» **WHAT THIS TASK INVOLVES**:
From the entries that follow, reproduce exactly and only the lines from the line with "バス・シャワールーム　お風呂で日々の疲れを落としましょう" to the line with "Lobby - best", endpoints included.

****

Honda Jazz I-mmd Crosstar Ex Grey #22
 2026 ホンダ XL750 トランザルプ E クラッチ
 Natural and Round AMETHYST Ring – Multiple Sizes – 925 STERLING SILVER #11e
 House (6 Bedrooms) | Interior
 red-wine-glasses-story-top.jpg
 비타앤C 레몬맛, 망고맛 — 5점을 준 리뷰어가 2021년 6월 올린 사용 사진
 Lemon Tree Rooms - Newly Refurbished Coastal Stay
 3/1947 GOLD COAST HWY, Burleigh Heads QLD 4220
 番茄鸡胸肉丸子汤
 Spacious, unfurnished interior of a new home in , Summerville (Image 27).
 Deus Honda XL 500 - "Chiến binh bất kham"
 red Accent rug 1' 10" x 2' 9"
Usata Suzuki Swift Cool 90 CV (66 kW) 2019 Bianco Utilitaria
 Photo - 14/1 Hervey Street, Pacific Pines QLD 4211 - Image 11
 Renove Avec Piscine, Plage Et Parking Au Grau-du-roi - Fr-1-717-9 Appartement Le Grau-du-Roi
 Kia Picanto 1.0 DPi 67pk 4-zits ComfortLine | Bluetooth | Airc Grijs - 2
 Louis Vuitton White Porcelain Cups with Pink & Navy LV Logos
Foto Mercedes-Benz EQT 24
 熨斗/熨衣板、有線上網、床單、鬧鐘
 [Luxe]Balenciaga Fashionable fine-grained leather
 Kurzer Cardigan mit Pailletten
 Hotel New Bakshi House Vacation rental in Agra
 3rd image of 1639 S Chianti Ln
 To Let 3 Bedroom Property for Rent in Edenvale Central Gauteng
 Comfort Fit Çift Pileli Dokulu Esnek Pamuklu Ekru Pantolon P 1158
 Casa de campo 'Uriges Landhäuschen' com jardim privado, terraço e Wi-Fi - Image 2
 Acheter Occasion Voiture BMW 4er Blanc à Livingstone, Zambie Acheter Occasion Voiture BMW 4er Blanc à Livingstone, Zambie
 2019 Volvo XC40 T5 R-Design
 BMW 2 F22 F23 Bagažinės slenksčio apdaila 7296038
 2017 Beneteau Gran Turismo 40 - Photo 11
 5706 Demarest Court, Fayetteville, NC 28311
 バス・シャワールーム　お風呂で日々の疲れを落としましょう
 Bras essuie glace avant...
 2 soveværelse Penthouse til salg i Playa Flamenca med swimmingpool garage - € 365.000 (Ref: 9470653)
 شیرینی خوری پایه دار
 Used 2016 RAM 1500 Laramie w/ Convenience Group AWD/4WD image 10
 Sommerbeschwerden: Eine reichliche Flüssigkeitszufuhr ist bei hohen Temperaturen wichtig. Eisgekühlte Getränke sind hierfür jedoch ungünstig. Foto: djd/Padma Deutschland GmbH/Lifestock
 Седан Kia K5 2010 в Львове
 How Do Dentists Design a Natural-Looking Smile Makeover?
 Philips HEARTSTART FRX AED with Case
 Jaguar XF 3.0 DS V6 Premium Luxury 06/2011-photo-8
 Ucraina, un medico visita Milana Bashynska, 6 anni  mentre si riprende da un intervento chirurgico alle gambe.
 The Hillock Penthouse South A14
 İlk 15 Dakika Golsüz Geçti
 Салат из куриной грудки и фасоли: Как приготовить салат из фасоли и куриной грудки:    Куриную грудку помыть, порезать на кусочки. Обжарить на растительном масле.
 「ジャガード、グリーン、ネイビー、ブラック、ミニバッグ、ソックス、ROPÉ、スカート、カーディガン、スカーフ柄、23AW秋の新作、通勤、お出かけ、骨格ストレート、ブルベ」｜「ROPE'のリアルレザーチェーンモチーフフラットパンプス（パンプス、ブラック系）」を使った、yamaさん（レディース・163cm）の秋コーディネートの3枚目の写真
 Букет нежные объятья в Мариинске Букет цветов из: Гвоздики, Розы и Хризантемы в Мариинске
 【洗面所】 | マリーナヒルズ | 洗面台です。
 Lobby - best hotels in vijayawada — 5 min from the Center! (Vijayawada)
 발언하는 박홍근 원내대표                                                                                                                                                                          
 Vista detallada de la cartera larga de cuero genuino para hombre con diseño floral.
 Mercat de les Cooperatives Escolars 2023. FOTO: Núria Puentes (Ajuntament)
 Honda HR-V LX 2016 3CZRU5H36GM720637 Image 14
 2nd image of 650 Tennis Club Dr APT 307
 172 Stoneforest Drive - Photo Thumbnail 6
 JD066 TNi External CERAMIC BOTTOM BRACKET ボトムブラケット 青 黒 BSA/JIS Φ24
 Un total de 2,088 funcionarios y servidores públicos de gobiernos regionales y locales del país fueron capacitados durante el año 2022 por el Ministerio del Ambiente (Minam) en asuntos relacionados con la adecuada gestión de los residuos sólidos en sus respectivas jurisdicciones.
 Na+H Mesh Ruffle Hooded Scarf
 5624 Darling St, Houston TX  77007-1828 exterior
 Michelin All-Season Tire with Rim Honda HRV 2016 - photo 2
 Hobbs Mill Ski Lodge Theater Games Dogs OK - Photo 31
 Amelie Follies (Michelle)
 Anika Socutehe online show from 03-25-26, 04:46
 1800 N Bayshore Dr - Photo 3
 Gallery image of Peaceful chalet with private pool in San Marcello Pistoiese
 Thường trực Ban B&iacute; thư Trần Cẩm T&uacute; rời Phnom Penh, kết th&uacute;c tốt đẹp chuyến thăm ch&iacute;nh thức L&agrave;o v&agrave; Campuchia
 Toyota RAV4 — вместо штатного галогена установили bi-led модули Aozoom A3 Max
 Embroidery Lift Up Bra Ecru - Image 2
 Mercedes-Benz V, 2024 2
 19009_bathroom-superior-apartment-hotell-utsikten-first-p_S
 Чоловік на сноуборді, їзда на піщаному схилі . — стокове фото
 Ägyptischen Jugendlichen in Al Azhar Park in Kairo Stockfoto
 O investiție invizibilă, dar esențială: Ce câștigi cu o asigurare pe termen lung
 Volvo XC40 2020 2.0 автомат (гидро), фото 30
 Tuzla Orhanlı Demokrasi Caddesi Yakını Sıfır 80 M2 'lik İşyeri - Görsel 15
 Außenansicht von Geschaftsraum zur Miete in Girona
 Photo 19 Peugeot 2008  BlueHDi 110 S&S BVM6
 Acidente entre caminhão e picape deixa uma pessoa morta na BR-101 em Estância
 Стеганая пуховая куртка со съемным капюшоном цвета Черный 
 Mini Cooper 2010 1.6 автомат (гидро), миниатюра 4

****

» **RESULT OF THIS TASK**:
 バス・シャワールーム　お風呂で日々の疲れを落としましょう
 Bras essuie glace avant...
 2 soveværelse Penthouse til salg i Playa Flamenca med swimmingpool garage - € 365.000 (Ref: 9470653)
 شیرینی خوری پایه دار
 Used 2016 RAM 1500 Laramie w/ Convenience Group AWD/4WD image 10
 Sommerbeschwerden: Eine reichliche Flüssigkeitszufuhr ist bei hohen Temperaturen wichtig. Eisgekühlte Getränke sind hierfür jedoch ungünstig. Foto: djd/Padma Deutschland GmbH/Lifestock
 Седан Kia K5 2010 в Львове
 How Do Dentists Design a Natural-Looking Smile Makeover?
 Philips HEARTSTART FRX AED with Case
 Jaguar XF 3.0 DS V6 Premium Luxury 06/2011-photo-8
 Ucraina, un medico visita Milana Bashynska, 6 anni  mentre si riprende da un intervento chirurgico alle gambe.
 The Hillock Penthouse South A14
 İlk 15 Dakika Golsüz Geçti
 Салат из куриной грудки и фасоли: Как приготовить салат из фасоли и куриной грудки:    Куриную грудку помыть, порезать на кусочки. Обжарить на растительном масле.
 「ジャガード、グリーン、ネイビー、ブラック、ミニバッグ、ソックス、ROPÉ、スカート、カーディガン、スカーフ柄、23AW秋の新作、通勤、お出かけ、骨格ストレート、ブルベ」｜「ROPE'のリアルレザーチェーンモチーフフラットパンプス（パンプス、ブラック系）」を使った、yamaさん（レディース・163cm）の秋コーディネートの3枚目の写真
 Букет нежные объятья в Мариинске Букет цветов из: Гвоздики, Розы и Хризантемы в Мариинске
 【洗面所】 | マリーナヒルズ | 洗面台です。
 Lobby - best hotels in vijayawada — 5 min from the Center! (Vijayawada)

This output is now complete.